Mice homozygous for this knock-out mutation exhibit significant degeneration of CNS axons and subtle intention tremors.
Richard Quarles, NINDS, NIH
Mice homozygous for this targeted mutation are viable and fertile. The endogenous protein had previously been thought to be necessary for myelin formation. However in the homozygous mutant the degree of myelination and its compaction are normal. Finer motor coordination abilities are significantly affected in the homozygous mutant and they exhibit a subtle intention tremor. The organization of the periaxonal region is partially impaired with the periaxonal cytoplasmic collar frequently missing in optic nerve, cervical spinal cord, and ventral roots. Later in life, beginning at 6 months, oligodendrocytes degenerate. This strain may serve as a model for some aspects of multiple sclerosis. MAG also tranduces a signal to axons. Therefore, axons in the MAG-deficient mice are smaller in calliber due to the aberrant phosphorylation of neurofilaments. MAG has also been shown to be an inhibitor of nerve regeneration. MAG-deficient mice congenic on a C57BL/6 background may exhibit substantially more degeneration of CNS axons compared to deficiency on the original mixed background.

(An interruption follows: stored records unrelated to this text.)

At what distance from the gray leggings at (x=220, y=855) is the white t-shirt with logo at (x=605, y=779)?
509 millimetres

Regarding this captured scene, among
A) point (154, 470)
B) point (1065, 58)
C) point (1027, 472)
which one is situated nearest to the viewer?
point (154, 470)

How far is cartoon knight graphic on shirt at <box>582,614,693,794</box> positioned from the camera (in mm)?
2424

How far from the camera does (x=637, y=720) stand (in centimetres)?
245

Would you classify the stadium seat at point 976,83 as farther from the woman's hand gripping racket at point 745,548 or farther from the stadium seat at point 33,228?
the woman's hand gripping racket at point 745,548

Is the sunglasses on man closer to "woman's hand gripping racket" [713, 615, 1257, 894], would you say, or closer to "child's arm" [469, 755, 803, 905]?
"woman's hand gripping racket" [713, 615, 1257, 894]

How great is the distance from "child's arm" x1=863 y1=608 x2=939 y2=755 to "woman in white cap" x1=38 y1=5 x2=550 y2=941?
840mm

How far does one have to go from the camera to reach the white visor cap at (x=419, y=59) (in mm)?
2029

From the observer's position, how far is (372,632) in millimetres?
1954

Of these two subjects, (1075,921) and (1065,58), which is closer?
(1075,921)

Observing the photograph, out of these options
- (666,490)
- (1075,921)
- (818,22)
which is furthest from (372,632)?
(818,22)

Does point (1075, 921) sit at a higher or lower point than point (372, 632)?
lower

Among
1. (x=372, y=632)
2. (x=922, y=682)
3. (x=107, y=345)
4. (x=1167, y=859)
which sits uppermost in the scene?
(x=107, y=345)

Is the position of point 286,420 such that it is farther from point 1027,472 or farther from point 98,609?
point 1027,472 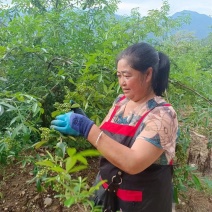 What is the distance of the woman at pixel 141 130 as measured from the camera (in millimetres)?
1150

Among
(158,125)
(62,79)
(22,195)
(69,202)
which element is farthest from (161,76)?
(22,195)

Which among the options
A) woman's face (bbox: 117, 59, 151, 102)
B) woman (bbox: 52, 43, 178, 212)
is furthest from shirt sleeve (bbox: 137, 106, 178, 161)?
woman's face (bbox: 117, 59, 151, 102)

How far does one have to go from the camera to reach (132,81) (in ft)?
4.23

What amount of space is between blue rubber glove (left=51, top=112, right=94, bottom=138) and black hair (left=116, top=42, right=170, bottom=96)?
338mm

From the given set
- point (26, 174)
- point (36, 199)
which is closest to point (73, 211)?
point (36, 199)

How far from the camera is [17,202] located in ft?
6.32

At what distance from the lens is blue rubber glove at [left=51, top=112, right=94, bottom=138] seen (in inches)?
44.8

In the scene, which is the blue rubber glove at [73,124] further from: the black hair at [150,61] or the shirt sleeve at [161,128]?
the black hair at [150,61]

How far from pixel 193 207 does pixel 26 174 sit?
4.29ft

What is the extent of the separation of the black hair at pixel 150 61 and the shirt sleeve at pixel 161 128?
0.16 metres

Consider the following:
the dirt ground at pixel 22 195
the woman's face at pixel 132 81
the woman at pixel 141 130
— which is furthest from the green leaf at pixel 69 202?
the dirt ground at pixel 22 195

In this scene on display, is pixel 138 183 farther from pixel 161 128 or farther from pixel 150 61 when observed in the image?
pixel 150 61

In an attempt to offer alleles on well-characterized or multiple genetic backgrounds, alleles are frequently moved to a genetic background different from that on which an allele was first characterized. It should be noted that the phenotype could vary from that originally described. We will modify the strain description if necessary as published results become available.

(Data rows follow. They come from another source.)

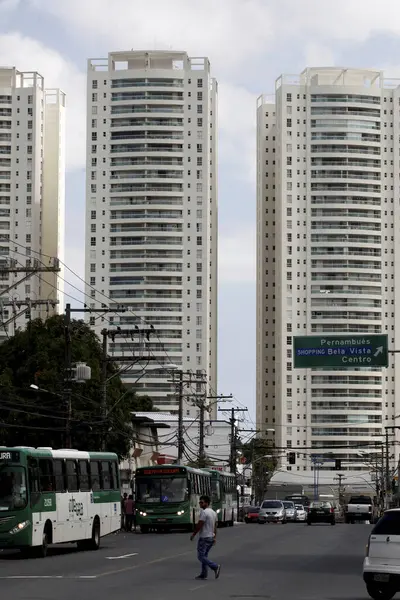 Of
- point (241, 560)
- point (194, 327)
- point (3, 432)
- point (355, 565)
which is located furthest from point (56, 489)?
point (194, 327)


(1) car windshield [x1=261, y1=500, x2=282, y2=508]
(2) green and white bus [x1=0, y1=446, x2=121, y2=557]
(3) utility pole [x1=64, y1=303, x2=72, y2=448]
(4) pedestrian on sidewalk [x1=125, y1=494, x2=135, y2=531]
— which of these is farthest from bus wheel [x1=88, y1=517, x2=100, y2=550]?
(1) car windshield [x1=261, y1=500, x2=282, y2=508]

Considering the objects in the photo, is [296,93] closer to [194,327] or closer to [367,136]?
[367,136]

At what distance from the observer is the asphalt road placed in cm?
2016

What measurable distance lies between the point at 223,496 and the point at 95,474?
29508 millimetres

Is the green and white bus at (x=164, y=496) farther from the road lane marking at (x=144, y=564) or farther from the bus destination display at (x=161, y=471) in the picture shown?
the road lane marking at (x=144, y=564)

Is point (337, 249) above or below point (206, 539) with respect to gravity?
above

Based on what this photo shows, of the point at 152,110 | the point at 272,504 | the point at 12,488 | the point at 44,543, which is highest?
the point at 152,110

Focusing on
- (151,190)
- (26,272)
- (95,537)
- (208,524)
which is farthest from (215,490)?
(151,190)

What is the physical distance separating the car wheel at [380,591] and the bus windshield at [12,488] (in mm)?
12955

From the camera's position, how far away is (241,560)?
31.1 metres

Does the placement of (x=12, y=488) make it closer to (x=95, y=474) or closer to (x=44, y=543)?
(x=44, y=543)

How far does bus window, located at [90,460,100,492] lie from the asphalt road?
1.85 meters

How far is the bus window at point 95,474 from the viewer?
36.4 metres

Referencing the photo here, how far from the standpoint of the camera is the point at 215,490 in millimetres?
61938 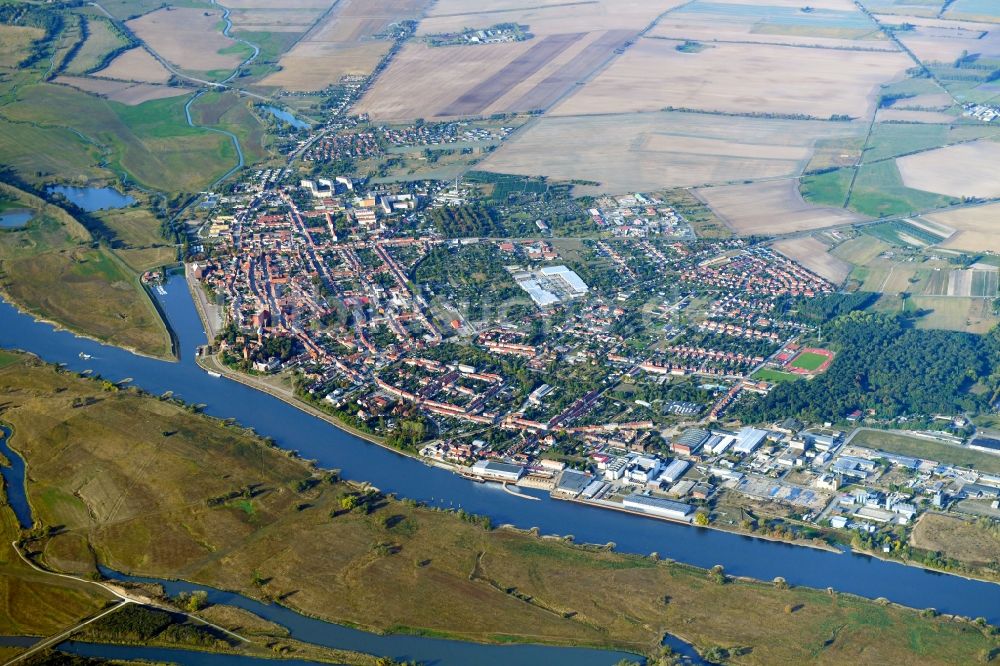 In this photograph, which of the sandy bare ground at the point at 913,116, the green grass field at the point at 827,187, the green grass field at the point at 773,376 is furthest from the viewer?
the sandy bare ground at the point at 913,116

The targeted mutation was created by Dr. John Roder (University of Toronto) by designing a targeting vector to insert a neomycin resistance cassette into exon 5 of the targeted gene. The construct was electroporated into (129X1/SvJ x 129S1/Sv)F1-derived R1 embryonic stem (ES) cells. The original strain (see Stock No. 002403) on a mixed C57BL/6, 129 inbred and the CD1 outbred genetic background was sent to Dr. Richard Quarles (NINDS/NIH). There, mutant mice were backcrossed for at least 13 generations prior to arrival at The Jackson Laboratory.

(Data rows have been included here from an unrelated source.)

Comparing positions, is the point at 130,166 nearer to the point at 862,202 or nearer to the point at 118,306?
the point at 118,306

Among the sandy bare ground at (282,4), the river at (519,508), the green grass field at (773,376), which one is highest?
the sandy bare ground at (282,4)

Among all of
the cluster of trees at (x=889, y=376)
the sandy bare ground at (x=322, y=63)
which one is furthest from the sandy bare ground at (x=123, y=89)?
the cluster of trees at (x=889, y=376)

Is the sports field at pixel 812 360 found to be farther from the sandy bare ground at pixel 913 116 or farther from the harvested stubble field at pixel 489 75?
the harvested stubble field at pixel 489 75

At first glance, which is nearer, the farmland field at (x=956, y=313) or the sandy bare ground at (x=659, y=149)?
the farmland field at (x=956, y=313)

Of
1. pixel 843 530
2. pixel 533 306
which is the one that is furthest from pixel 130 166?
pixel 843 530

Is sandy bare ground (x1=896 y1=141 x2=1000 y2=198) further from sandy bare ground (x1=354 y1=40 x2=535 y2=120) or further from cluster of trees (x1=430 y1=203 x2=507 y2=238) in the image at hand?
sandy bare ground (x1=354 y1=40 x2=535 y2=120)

|Allele Name||targeted mutation 1, John Roder|
|Allele Type||Targeted (Null/Knockout)|
|Gene Symbol and Name||Mag, myelin-associated glycoprotein|
|Strain of Origin||(129X1/SvJ x 129S1/Sv)F1-Kitl+|
|Molecular Note||A neomycin resistance cassette was inserted into exon 5 of the gene. Mutant mice showed a complete lack of mRNA and protein in the central nervous system for the targeted gene. Nerves from the peripheral nervous system also lacked protein for the targeted gene.|
|Mutations Made By|| |
Dr. John Roder, University of Toronto
When maintaining a live colony, homozygous mice are bred.
When using the MAG KO mouse strain in a publication, please cite the originating article(s) and include JAX stock #006865 in your Materials and Methods section.